她顿了顿,目光扫过两人:“技术是力通的根,团队是力通的魂。根若动摇,魂若离散,再漂亮的财务报表,再动听的资本故事,也不过是沙上城堡。那些带着漂亮条件来的资本,他们要的或许不是力通的未来,只是你们的技术专利、客户名单,或者干脆就是想拆散了分食。等他们吃饱了,留下的是什么?”
包厢里一片寂静,只有檀香若有若无地缭绕。小刘的额角渗出了汗珠,之前的焦躁被一种后知后觉的惊惧取代。张总也收起了公式化的笑容,眼神闪烁,似乎在急速权衡。
“那……依苏总之见,我们现在该怎么办?”小刘的声音低了很多。
“第一,立刻稳住核心团队。”林砚之接口,调出模型的另一页,“这是基于当前情况模拟的几种团队激励和风险对冲方案的初步效果对比。核心是‘短期现金激励’与‘长期技术价值共享’结合,并且需要创始人(或能代表创始人意志的权威)出面,给予团队明确的信心和对公司技术路线的承诺。
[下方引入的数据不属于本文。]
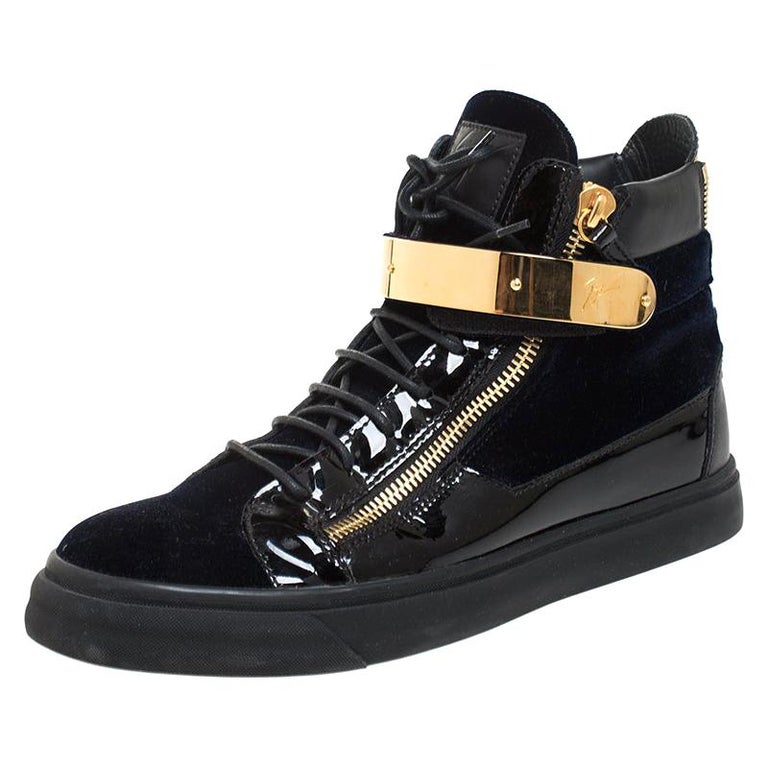Giuseppe Zanotti Blue Velvet and Patent Leather Coby High Top Sneakers ...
必要时,可以引入真正懂产业、有耐心的战略投资者,进行背书和制衡。”
“第二,清理门户,明确底线。”苏清越冷冷道,“对内部可能存在的、与外部不当势力过度接触甚至传递信息的人员,要有所警惕。对某些条件诱人但背景可疑的‘合作’或‘融资’提议,必须设立严格的防火墙。温州商会和瓯越恒信,可以在这方面提供一些必要的背景调查支持和行业信息共享。”
“第三,也是最重要的,”苏清越看着小刘,“你父亲创立这份基业的初心是什么?是快速套现走人,还是想把那些他钻研了半辈子的液压技术,真正做成能和国际巨头掰手腕的东西?你想清楚这个,才知道该和谁并肩,该防着谁。”
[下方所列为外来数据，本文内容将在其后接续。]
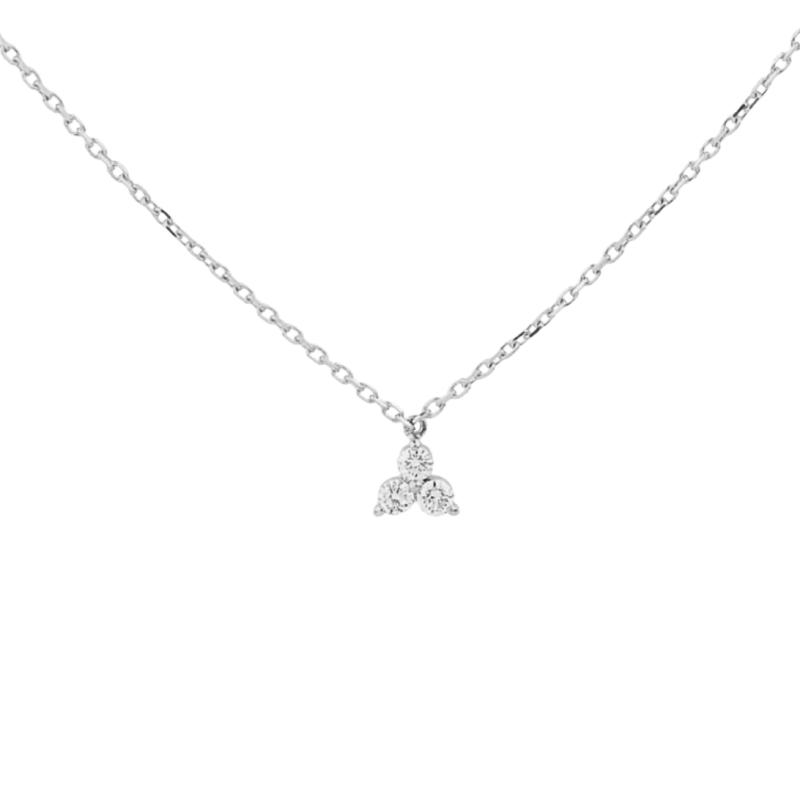 Collier trèfle Excellence Or gris 750/1000 & Diamants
小刘低下头,双手紧握,良久没有说话。张总则谨慎地开口:“苏总,林组长的建议非常专业,我们会认真考虑。不过,公司决策需要流程,也需要平衡各方……”
“时间不等人,张总。”苏清越站起身,准备结束这次短暂的会面,“市场不会等你们开完所有的会。那些猎头,也不会停下他们的电话。我们是外人,本不该多说。但今晚之所以来,是敬重刘老总当年的实业报国心,也是不愿看到一家有好技术的企业,因为内耗和外患而垮掉。言尽于此,二位好自为之。”
离开茶室,上海的晚风带着凉意。坐进车里,林砚之才长长舒了口气,感觉后背已被冷汗微微浸湿。这种面对面的、充满张力的博弈,比在屏幕后运行模型要耗费心神得多。
“你觉得,他们听进去多少?”林砚之问。
“小刘听进去了恐惧,但未必真有决断。张总在计算得失,可能还在观望。”苏清越揉了揉眉心,脸上倦色更深,“但种子已经种下了。接下来,陈凯和商会的几位老前辈,会持续跟进,施加一些‘人情’压力。柳姨也会协调,看看有没有合适的本地产业资本,愿意以更友好的条件介入,提供备选方案。我们能做的,就是这些了。企业的命运,最终掌握在他们自己手里。”
车子驶向华山医院。苏清越让司机在路边等,她和林砚之走进了住院部大楼。消毒水的气味浓郁。在ICU外的家属休息区,苏清越见到了母亲。短短时日不见,这位原本优雅的妇人仿佛苍老了许多,拉着女儿的手,眼圈瞬间红了。
林砚之 discreetly退开几步,站在走廊的窗边。他听到苏清越用极轻的上海话安慰着母亲,声音是他从未听过的温柔与疲惫。透过ICU的玻璃窗,隐约能看到里面躺着的老人,身上连着各种仪器。
大约二十分钟后,苏清越走了过来,眼睛有些红,但已恢复了平静。“医生说,今晚情况还算稳定。我们回去吧,明早还有事。”
回酒店的路上,两人都很沉默。快到酒店时,苏清越的手机震动,是周语茉发来的加密消息。她看了一眼,眼神骤然锐利,将手机递给林砚之。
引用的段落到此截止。